An ex soldier told me that he felt he was brainwashed by the army to do things he never thought possible to another human being. He said “they fill your head full of horror stories, lies, about what they [Iraqis] do to their children so that you see them as animals and treat them accordingly”. This man suffers Post Traumatic Stress and struggles with what he did on a daily basis. He and others like him have been let down by the war mongerers and their successors. It was reported in the news today that incapacity benefit is being unceremoniously withdrawn from many disabled veterans.

Austerity measures (a euphemism for stealing from the poor to give to the rich) seemed to escape media scrutiny in all this. Even before the recession, minority ethnic young men, such as the alleged Woolwich attackers, were more likely to be excluded from school and be over represented in prison, social and psychiatric services, and twice as likely to be unemployed as their white counterparts. A recent report showed that, although this has been known for decades, nothing has been done to stem the crisis.

It’s an affront to a long suffering British public that the political elite defend bankers’ right to obscene bonuses (funded in part by shutting down youth centres and taking away incapacity benefit from the disabled soldiers) on the grounds that they take enormous risk. The fact that the risks are with other people’s money and the consequences are negligible to them is ignored. When you compare the risk those women who stepped into the breach in Woolwich took, it holds a mirror up to society. The image I see is twisted and ugly. They risked their lives for the greater good. In contrast, the reckless risk taking of the bankers has had crippling societal, as opposed to personal, consequences. They have left a trail of broken hearts and minds in their wake.

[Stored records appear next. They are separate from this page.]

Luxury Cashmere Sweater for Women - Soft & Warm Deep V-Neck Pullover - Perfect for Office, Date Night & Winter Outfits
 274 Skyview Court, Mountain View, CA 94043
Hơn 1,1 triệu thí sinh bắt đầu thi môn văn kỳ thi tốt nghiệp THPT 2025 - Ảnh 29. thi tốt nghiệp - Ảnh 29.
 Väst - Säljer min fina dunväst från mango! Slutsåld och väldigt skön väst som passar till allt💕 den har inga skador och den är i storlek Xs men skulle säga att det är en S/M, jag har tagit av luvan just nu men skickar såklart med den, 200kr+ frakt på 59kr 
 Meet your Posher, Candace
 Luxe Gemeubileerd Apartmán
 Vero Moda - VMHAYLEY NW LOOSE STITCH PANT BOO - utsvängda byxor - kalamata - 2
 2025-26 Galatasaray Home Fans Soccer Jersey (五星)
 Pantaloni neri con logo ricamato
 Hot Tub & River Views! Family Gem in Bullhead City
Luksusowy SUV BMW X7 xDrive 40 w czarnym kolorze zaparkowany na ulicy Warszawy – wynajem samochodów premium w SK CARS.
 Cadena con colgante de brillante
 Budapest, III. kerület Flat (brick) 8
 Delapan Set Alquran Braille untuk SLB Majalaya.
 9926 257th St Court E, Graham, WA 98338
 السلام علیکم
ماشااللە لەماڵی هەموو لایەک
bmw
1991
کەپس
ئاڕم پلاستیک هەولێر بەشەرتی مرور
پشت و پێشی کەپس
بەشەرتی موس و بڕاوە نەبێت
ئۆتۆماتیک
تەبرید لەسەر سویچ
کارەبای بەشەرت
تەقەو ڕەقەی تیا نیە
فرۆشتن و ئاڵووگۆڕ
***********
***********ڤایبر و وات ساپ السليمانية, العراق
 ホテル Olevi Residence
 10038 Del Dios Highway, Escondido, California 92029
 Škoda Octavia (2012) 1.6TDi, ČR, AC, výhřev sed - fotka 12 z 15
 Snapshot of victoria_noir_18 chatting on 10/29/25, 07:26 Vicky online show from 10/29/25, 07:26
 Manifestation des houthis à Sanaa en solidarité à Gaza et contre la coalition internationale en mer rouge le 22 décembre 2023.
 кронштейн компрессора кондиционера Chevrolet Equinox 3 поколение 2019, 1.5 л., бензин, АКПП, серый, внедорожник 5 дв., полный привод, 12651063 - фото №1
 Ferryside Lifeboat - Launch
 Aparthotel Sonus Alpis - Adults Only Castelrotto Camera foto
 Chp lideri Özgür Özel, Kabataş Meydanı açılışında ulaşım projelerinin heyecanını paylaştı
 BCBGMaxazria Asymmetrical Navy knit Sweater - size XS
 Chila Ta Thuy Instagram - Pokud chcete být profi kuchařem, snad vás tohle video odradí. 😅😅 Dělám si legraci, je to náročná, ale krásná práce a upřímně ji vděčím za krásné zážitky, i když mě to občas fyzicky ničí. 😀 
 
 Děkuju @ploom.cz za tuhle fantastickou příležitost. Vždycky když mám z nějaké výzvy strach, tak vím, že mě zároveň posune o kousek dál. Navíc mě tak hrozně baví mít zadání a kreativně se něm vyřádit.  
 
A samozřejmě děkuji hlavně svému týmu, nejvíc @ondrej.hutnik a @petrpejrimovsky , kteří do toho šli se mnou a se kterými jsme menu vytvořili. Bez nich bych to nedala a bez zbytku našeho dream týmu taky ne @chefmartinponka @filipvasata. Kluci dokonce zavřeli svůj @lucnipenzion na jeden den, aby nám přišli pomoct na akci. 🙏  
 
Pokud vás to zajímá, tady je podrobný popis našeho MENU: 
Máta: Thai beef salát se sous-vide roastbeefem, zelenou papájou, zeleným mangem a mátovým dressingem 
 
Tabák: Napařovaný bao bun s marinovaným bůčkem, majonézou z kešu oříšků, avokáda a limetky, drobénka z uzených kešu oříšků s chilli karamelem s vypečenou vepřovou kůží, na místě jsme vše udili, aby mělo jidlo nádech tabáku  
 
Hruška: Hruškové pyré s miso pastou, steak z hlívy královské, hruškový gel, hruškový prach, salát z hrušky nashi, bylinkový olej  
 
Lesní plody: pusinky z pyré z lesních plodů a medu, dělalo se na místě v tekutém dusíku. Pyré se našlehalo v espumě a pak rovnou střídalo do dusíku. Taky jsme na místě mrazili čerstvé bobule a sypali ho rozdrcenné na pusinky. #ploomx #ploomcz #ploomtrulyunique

A generation of young people are faced with the prospect of long term unemployment, alienation and anger. Inequality and injustice on this scale is a recipe for social unrest. Terrorists are filling a position made vacant in the minds of some of our most disaffected young men by a society that will bail out miscreants in suits but starve our youth of investment, care and any hope for the future. If you have nothing, there’s nothing left to lose.